Records from a dataset:
━━━━━━━━━━━━━━━━━━━━━━━━━━━━━━

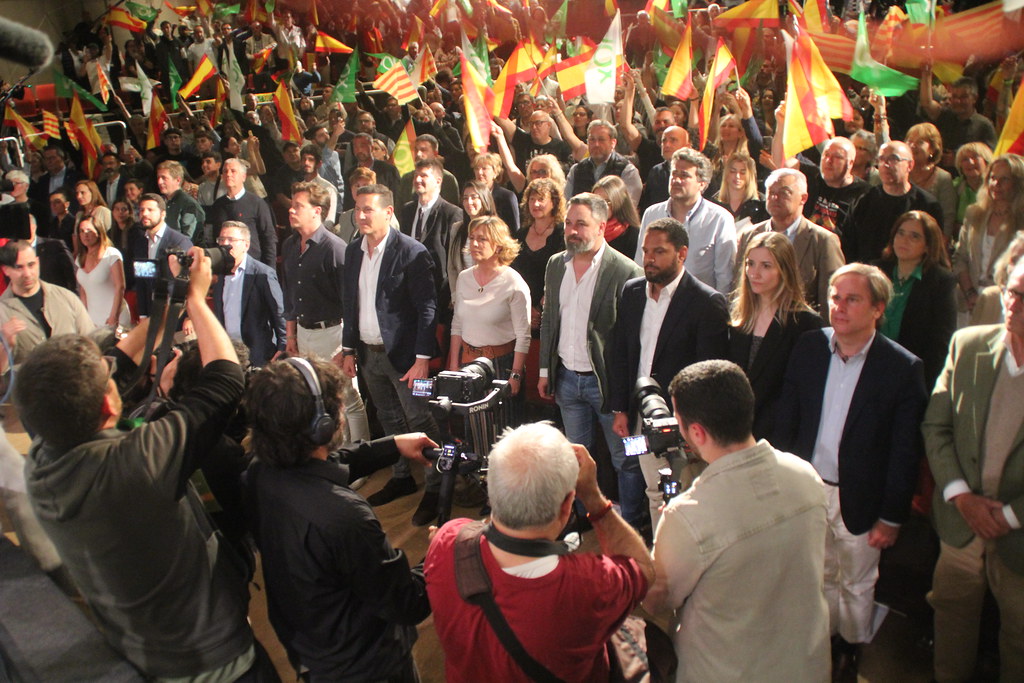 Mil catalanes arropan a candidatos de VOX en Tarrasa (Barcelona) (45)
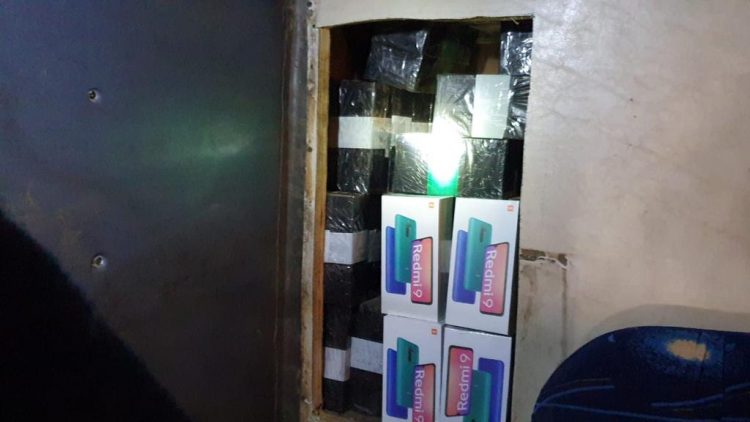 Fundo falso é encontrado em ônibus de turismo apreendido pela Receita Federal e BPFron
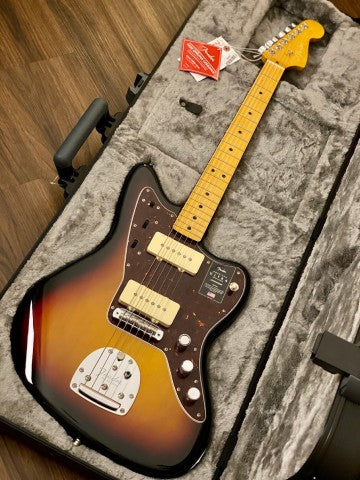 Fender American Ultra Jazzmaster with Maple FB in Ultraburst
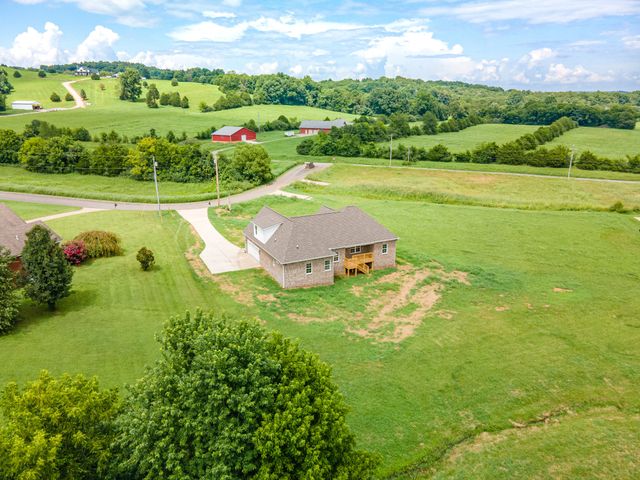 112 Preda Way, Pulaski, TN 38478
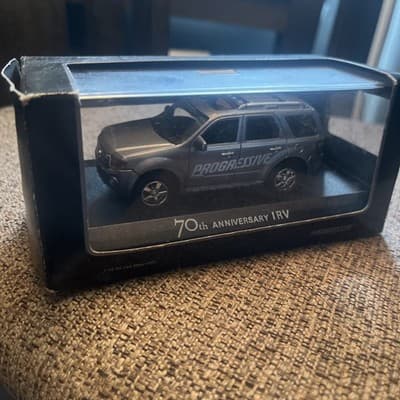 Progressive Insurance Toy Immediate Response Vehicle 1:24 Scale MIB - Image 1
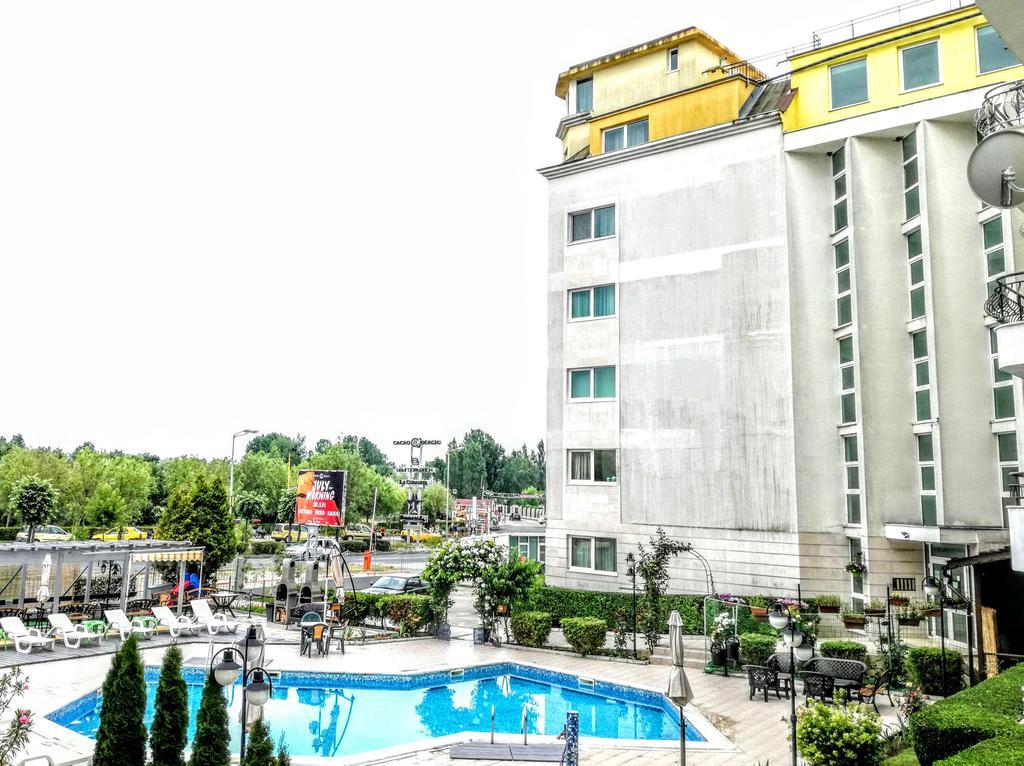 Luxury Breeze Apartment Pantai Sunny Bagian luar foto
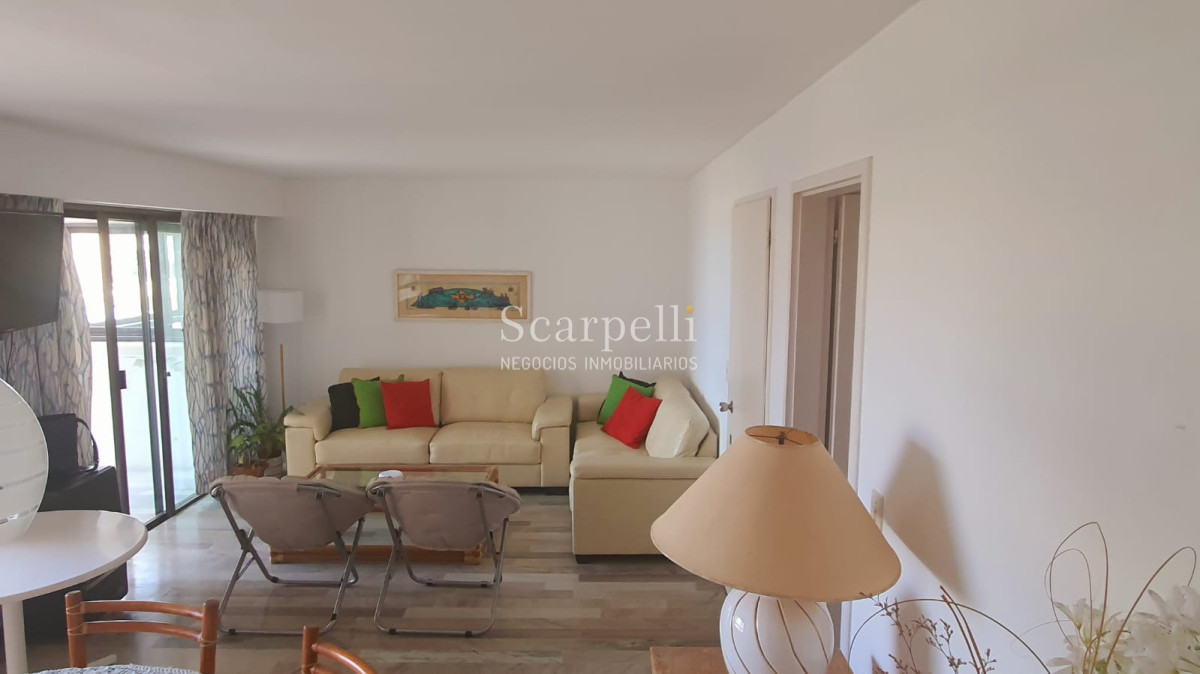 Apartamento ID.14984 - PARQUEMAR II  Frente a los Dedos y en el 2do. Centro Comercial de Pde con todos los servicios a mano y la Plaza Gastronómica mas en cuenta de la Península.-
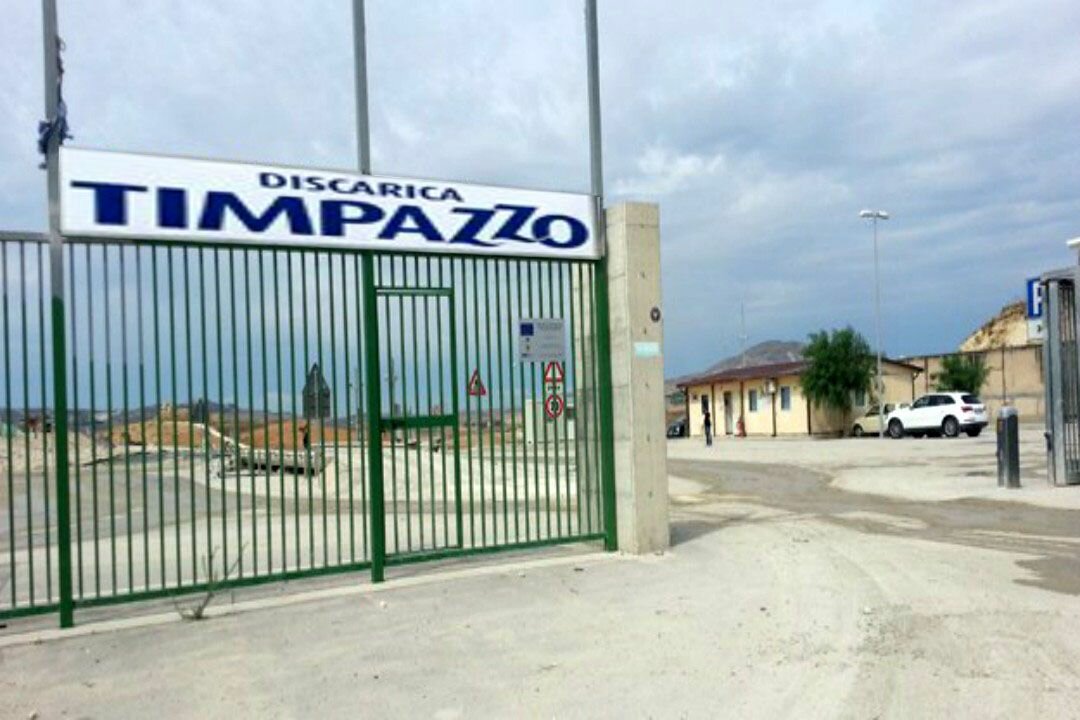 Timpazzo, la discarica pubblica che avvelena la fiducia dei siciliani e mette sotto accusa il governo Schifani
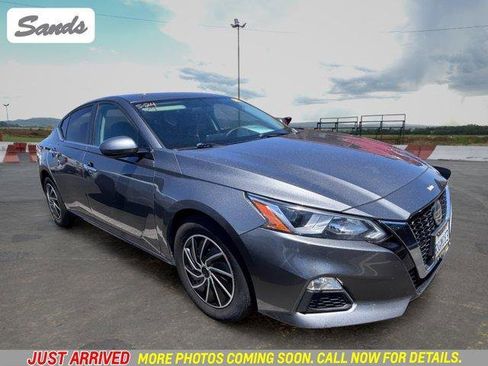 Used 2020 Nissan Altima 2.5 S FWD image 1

━━━━━━━━━━━━━━━━━━━━━━━━━━━━━━

PROBLEM TO SOLVE:
Retype only the lines above from the one with "Luxury Breeze Apartment" through the one with "Apartamento ID.14984 - PARQUEMAR", exactly and with both ends. Images stay out.

RESPONSE TO THE EXERCISE:
 Luxury Breeze Apartment Pantai Sunny Bagian luar foto
 Apartamento ID.14984 - PARQUEMAR II  Frente a los Dedos y en el 2do. Centro Comercial de Pde con todos los servicios a mano y la Plaza Gastronómica mas en cuenta de la Península.-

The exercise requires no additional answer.